3*(2I+-1+-a)+-a is the set of integers indivisible by 2 and 3.
All primes > 3 are in the set 3*(2I+-1+-a)+-a
3*(2I+-1+-a)+-a = 6I+-3+-3a+-a
... = P!(2)I +- P!(2)/2 +-P!(2)a/2 +-a
... = P!(2)(I +- 1/2 +- a/2) +-a
... = (P!(2)/2)(2I +-1 +-a) +-a
... = (P!(2)/2)(2I +-1) +- P!(2)a +- a

a is a subset of integer K ...
... (P!(x)/2)(2I+-1)+-2^(J>0)+-K(P!(x)) for x = 1..infinity.
... P!(x) is the period (always even), P!(x)/2 is the half of the period (always odd)
... (P!(x)/2) +-2^(J>0) are indivisible by all P_x.
... (P!(x)/2)(2I+-1) +-2^(J>0) are indivisible by all P_x
... (P!(x)/2)(2I+-1) +-2^(J>0) +-K(P!(x)) are indivisible by all P_x for x = 1..infinity.

Expanding:
5*(3*(2I+-1+-a)+-a) is the set of integers divisible by 5 and indivisible by 3 and 2.
5*(3*(2I+-1+-a)+-a)+-a is the set of integers indivisible by 5, 3, and 2.
All primes > 5 are in the set 5*(3*(2I+-1+-a)+-a)+-a.
5*(3*(2I+-1+-a)+-a)+-a = 30I +-15 +-5a +-a
7*(30I +-15 +-5a +-a) is the set of integers divisible by 7 and indivisible by 5, 3, and 2.
210I +-105 +-35a +-7a +-a is the set of integers indivisible by 7, 5, 3, and 2.
All primes > 7 are in this set.

11*(210I +-105 +-35a +-7a +-a) is the set of integers divisible by 11 and indivisible by {7,5,3,2}.
2310I +-1155 +-385a +-77a +-11a +-a is the set of integers indivisible by {11,7,5,3,2}.
All primes > 11 are in this set.
... ad infinitum

Period*I +- 1/2Period + a(+-1155 +-385 +-77 +-11 +-1)
a(+-1155 +-385 +-77 +-11 +-1) = a(+-1155 +-385 +-7*11 +-11 +-1)
... = a(+-1155 +-5*7*11 +-7*11 +-11 +-1)
... = a(+-3*5*7*11 +-5*7*11 +-7*11 +-11 +-1)

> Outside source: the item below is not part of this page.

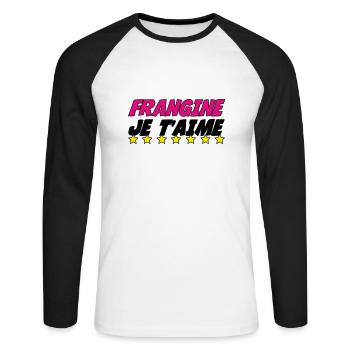 SCHWESTER, ICH LIEBE DICH - Unisex Baseballshirt langarm - Weiß/Schwarz - Vorne - Nik (191cm)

P!(x)I +- P!(x)/2 + a(+-P!(x)/P!(1) +-P!(x)/P!(2) +- P!(x)/P!(3) +- P!(x)/P!(4) +- P!(x)/P!(5))

Extending:
P!(x)I +- P!(x)/2 + a(+-P!(x)/P!(1) +-P!(x)/P!(2) +- P!(x)/P!(3) +- P!(x)/P!(4) +- P!(x)/P!(5) +-... +-P!(x)/P!(x-2) +-P!(x)/P!(x-1) +- P!(x)/P!(x)) for x = 1..infinity.

Therefore:
There are infinite indivisible integers whose residues are 2^(J>0) in relation to any set of x primes and by extension to all primes.

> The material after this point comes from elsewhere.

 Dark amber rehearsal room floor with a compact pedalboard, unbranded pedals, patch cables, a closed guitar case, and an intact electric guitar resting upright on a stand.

[end 2014.09.30 for consideration]

[note]
To clarify ...
... phrase "the set of integers" references a subset
... example: 5I is divisible by 5 and leaves 8x residues {-4,-3,-2,-1,+1,+2,+3,+4}
... I am describing the subset with residues +-2^(J>0); for 5I example {-4,-2,+2,+4}
[edit 2014.10.11] >>> ERROR <<<
The argument, "2014.09.30 for consideration", fails in the superset.
The subset, (P!/2)*(2*I+-1)+-2^(J>0)+-K*P!, holds true.